Charters Towers Airfield Bore Sight Range and Compass Swinging Platform are significant as surviving evidence of a major United States Fifth Air Force Aircraft Replacement and Training Centre developed for the Townsville region during World War II.

The Bore Sight Range and Compass Swinging Platform are significant for their role in the operation of the US Replacement and Training Centre and in the conduct of the air war in the South West Pacific Area in association with the nearby RAAF aircraft repair and salvage installation at Breddan Airfield.

Criterion BThe place demonstrates rare, uncommon or endangered aspects of Queensland’s cultural heritage.

The Bore Site Range is the only known example of its type in Queensland with an adjustable nose wheel platform to accommodate aircraft such as the P-39 Airacobra, A-20 Boston, B-25 Mitchell 'Strafer', and B-26 Marauder.

Criterion DThe place is important in demonstrating the principal characteristics of a particular class of cultural places.

The Charters Towers Airfield Bore Sight Range and Compass Swinging Platform remain substantially intact and are important in demonstrating the principal characteristics of their types. The bore sight range retains its concrete hardstand, cleared range and earth butt. The circular concrete slab of the compass swinging platform remains adjacent to the wartime runway, and retains its compass rose inscription.


Charters Towers Airfield was constructed for the United States Army in early 1942 to provide dispersal facilities for the main Townsville air base at Garbutt, in the event of Japanese air raids. During 1942 the US 3rd Bombardment Group was based at Charters Towers while undertaking strikes against Japanese bases in the south-west Pacific. From 1943 the airfield served as a US aircraft replacement and training centre. Facilities constructed during this period included a gun firing range and compass swinging station, which remain.

The site of Charters Towers Airfield is said to have been selected about December 1941, by a Mr Pettus who was attached to the US Army with the honorary rank of Colonel. As a civilian with the US firm of Sverdrup and Parcel, engineering consultants to the US forces, Pettus was involved in a contour survey of the town for the placement of three runways each 7000 feet (2133 metres) in length and 150 feet (45.7 metres) wide, which it was optimistically thought would blend in with the Charters Towers street grid and be invisible from the air.

As early as July 1941 the Royal Australian Air Force had ordered a survey of the Charters Towers vicinity to identify sites for airfields to accommodate heavy bombers and combat aircraft and an initial survey was undertaken during September. This survey resulted in the selection of suitable airfield sites at Corinda (Charters Towers), Sandy Creek (Breddan) and several locations near Sellheim.

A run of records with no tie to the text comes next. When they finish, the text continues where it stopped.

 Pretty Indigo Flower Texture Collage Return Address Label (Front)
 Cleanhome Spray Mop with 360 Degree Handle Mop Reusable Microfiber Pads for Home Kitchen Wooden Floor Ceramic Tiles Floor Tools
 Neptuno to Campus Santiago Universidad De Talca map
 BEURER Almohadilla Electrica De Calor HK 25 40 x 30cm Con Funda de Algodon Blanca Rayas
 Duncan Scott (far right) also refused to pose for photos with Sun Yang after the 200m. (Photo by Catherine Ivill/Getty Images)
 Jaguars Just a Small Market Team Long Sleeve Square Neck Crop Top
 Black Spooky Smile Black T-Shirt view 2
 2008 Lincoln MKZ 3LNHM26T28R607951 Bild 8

On 7 December 1941 Japanese aircraft made a surprise attack on the US naval base at Pearl Harbour in the Hawaiian Islands. At the same time Japanese forces launched assaults on Thailand, the Philippines and the British colony of Malaya. Three days after Pearl Harbor, two capital ships of the Royal Navy were sunk off the coast of Malaya. This gave the Japanese almost total control of the seas to Australia's north. The sudden fall of Singapore on 15 February 1942 and the rapid, unchecked Japanese advance through the islands of the Netherlands East Indies raised fears of the invasion of Australia and aerial attacks on Queensland bases.

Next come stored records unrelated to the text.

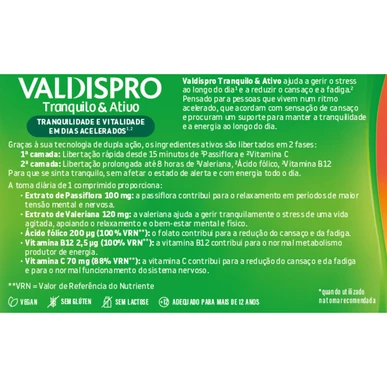 Valdispro Tranquilo & Ativo Comprimidos X30 - Image 2
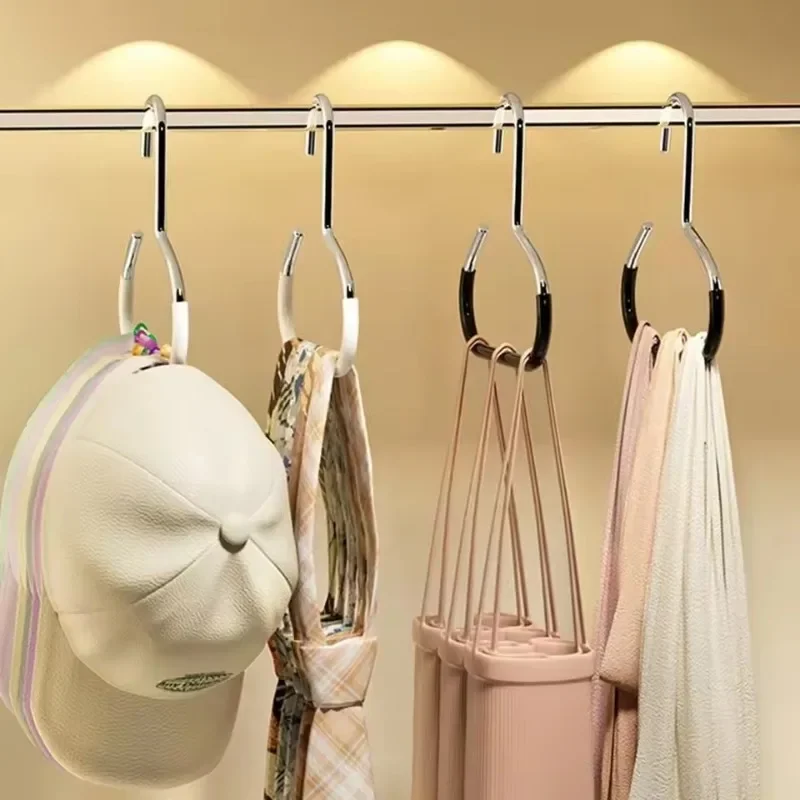Durable Circle Ring Hat Hanger Non-marking Non-slip Hat Storage Hook Scarf Towel Tie Hanging Rack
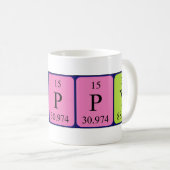 Mug Tapis de nom de table périodique du pavot (Devant droit)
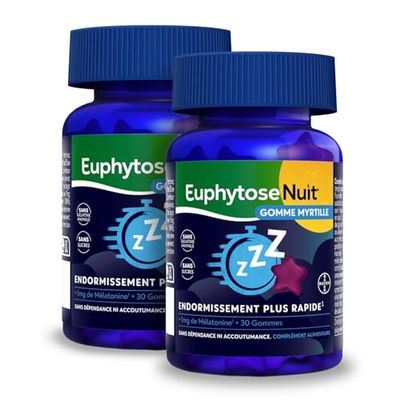 Gummies Sommeil Myrtille, 1 mg Melatonine, complément alimentaire, Vitamine B6, Endormissement plus rapide* - 2x30 Gommes - Sans Sucres - Goût Myrtille - EuphytoseNuit®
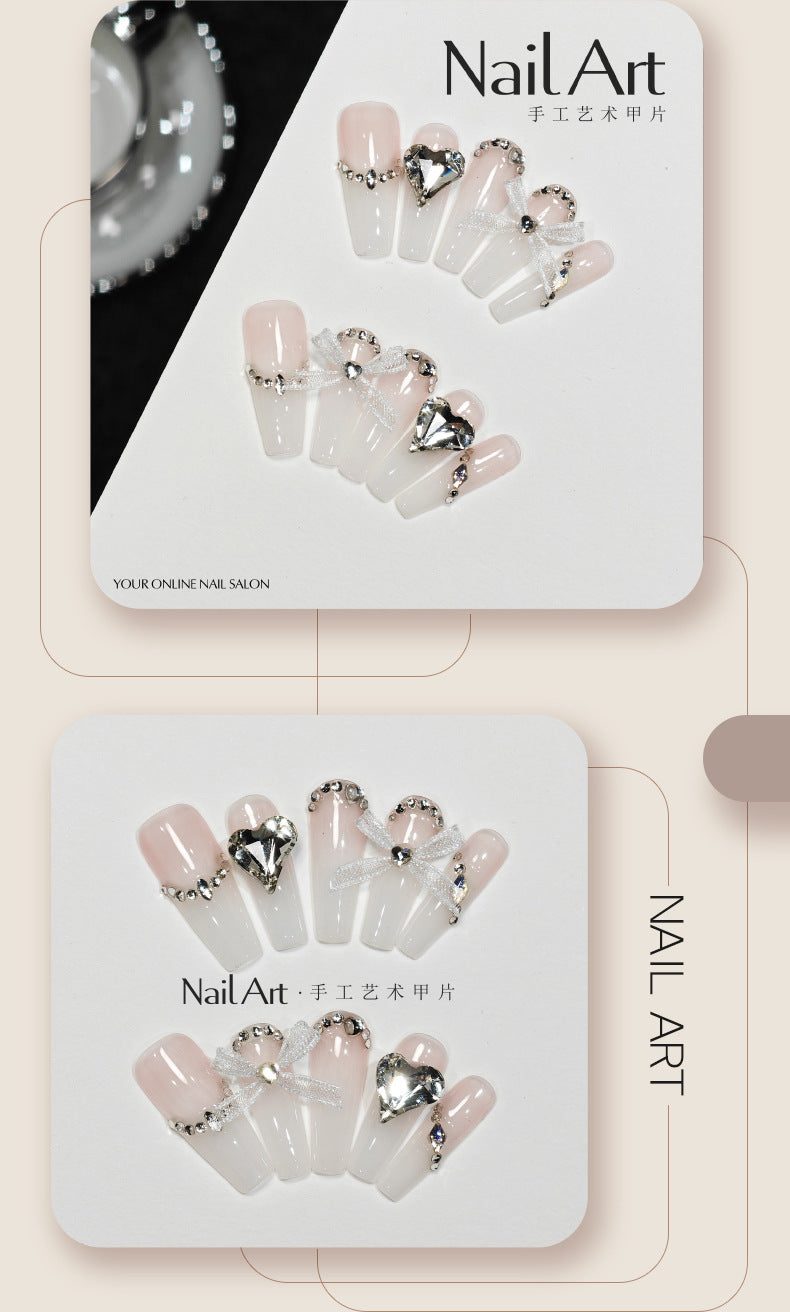 Handmade Wear Armor High-Grade Feeling White in Autumn and Winter Love Nail Stickers High Goods Selective Rettroubled Fake Nail Tip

Charters Towers was the closest inland centre that could provide strategic support and aircraft dispersal facilities for the main North Eastern Area air base at Garbutt, Townsville, which was considered vulnerable to Japanese attack.

The RAAF ordered commencement of preliminary work on the Charters Towers town aerodrome during January 1942, with the grading of three temporary landing strips for use while the main aerodrome was under construction (two landing grounds were cleared on football fields and one near the cemetery).

By early February 1942 the airfield project had been accorded priority by the RAAF with a request that the NE-SW runway be graded first followed by the north-south runway. To get the project underway while awaiting the original plans, the airfield site was resurveyed by Main Roads Commission (MRC) engineers at Charters Towers and the layout was amended slightly.

Construction of Charters Towers airfield began in earnest on Monday 16 February 1942. Deadline for completion of the first strip was 14 days. Hundreds of men and all available earth-moving plant were brought in from Townsville and the first gravel strip was completed in 17 days. Grading of the second runway was completed soon after.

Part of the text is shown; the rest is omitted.